The feeling of panic returns to me then. Anguish claws at me. Fear, rage, pain... blinding and debilitating pain. I press my hand against my chest. It hurts. My heart beats loudly inside it, mocking the memory stuck inside my head.

"Again! Another round of epi! Charge to three-sixty!"

A long, steady beep echoes too loudly in my ears.

"We're losing him!"

Chaotic sights and sounds fill my mind. I can't breathe. My eyes burn. I close them, but it won't change what comes next.

"Clear!"

A body once so mesmerizing to me —once so beautiful and so strong— contorts and jolts unnaturally. Arms that once held me tight, anchoring me, fall lifelessly off the table. A face, once the object of my dreams, now haunts my waking nightmare.

It won't go away. It won't shut off. The feelings come again now—anguish, fear, rage, pain, anguish, fear, rage, pain. They blend together, an endless cycle of hurt. Tears fall, but they do not ease the ache. My mind is stuck reliving the horror of the worst moment of my life.

A thought that brings everything to a grinding halt.

The worst day of my life.

I watched my parents bleed to death in front of me. I buried them. Put them in the ground and then went into hiding. But this? This is somehow worse.

Perhaps it's a cumulative effect. Perhaps it's because I can well imagine what it would be like to suffer the loss of another person I love on top of everything else.

Despite all I've been through, despite the horror of seeing both my parents die in front of me, or the shock and guilt of killing a man myself, it's this—the oppressive and almost suffocating fear, dread and uncertainty I feel—that will break me.

I don't know whether I need to hang on for dear life and fight my way back to the one thing I have left in the world to hang on to, or to let myself shatter completely because I've already lost him.

Stuck in limbo, I am aware of very little as the clouds fly by. They disappear at some point, but it's only when my body shivers and I take notice of Garrett wrapping a coat around me, that I realize we've landed. My eyes struggle to focus on his face as he slips a ball cap over my head and tucks my hair underneath.

It's nearly dark wherever it is we've landed, making it difficult to determine my surroundings. It doesn't help that my eyes are swollen and blurry from all the crying I've done. Garrett helps me out of the plane and onto a small, rickety dock that seems to be the only manmade structure within sight. There's not even a shack at the end of it. No buildings further up on shore. No nothing –only acres and acres of water surrounded by trees and mountains all around.

I see the snow left on the peaks of some of them and it only adds to the chilling dread I feel. Turning to Garrett, I try to form the words bouncing through my head.

He seems to anticipate my question and begins explaining the dock is a private one, used by the owner during the summer months.
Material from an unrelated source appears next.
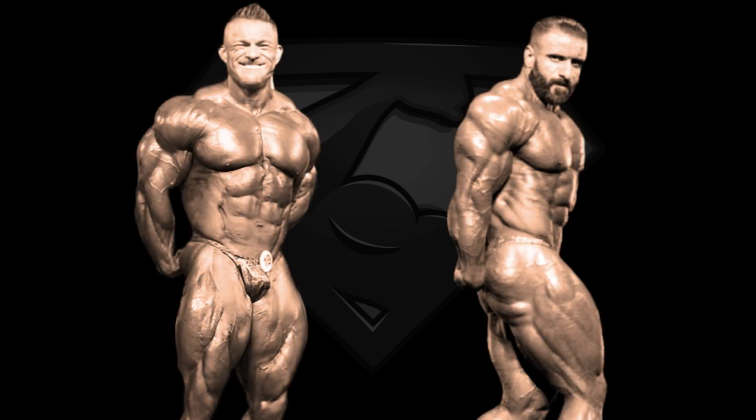Next pose is the side triceps and unfortunately Flex is showcasing more of a front triceps here, but we have to deal with what we have. Flex is known for his crazy arm development, however Hadi has a very impressive side triceps pose. I like his execution, his lateral head looks nice and thick, and overall I think he has the better side triceps pose right here, so he gets this pose as well.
He rents out the extra slips and offers refueling service several times a week. Apparently, Garrett radioed ahead and got him to agree to meet us for a hefty fee.

After walking me to dry ground, Garrett returns to the plane to secure it. A few minutes later, the sound of a diesel engine reaches my ears. Several minutes after that, our plane is being refueled.

I stand numb through it all.

I stay numb even when Garrett tells me we're riding into town to spend the night in a motel. It doesn't occur to me until we pass the first vestiges of civilization that there will be a phone there. Quite suddenly, the numbness recedes and is replaced with anxious anticipation and a good amount of fear. I'm afraid to even ask. Afraid to be told no. And even more afraid that I'll be told yes only to find out that the one thing I'm most afraid of has happened.

"Not tonight," Garrett says roughly. My hand hovers over the receiver of a plain black phone. It sits on a nightstand between two double beds, an alarm clock next to it.

"Please..." My voice cracks over the word.

"We can call in the morning. Not before then."

My legs feel like they're going to give out on me. I sit heavily on the bed closest to me, my eyes stinging. "Please. I need to know."

He shakes his head. "It won't change anything. I know this is hard, but–"

"You don't know crap," I growl, my voice more of a gasp. I'm losing control of my emotions again. Anger, fear, desperation, heartache, guilt, pain... anger. Anger...

"Call the hospital, Garrett! I need to know what happened after we left."

"No."

"I'm not asking you."

He laughs hollowly. "I see Her Fiestiness has returned. Good. You had me worried for a while."

I glare and pick up the phone. I manage to dial nine plus the first four digits of Esme's cell phone number before he gets to me. He yanks the phone off the desk, tearing the cord out of the wall. I stand in response and make for the door.

"Dammit, Isabella! This isn't a game."

He blocks my path and grabs my shoulders. I bite my lip and try to keep from falling apart. We've been around this bush before and I know I'll lose. I just want him to do this one thing for me.

"Why the hell do you care what happens to me?" I sob. "If knowing what happened to Edward is more important to me than my own safety, why does it matter to you?"

Sighing, he backs me up and sits me on the bed. "You are my responsibility, and a very good friend of mine entrusted you to me. Now, I'd rather be back at my bar, in all honesty. But it is what it is, and I am going to do this right."

I'm crying too hard to answer, or even beg him once again to reconsider, although I'm fairly sure that a pathetic please escapes me one last time because he apologizes before telling me to try and get some sleep.

Sleep never comes though. At some point my head finds a pillow, but my eyes remain fixed on the fuzzy digits of the alarm clock for hours. It goes off at half past five, and I sit up before Garrett's eyes open.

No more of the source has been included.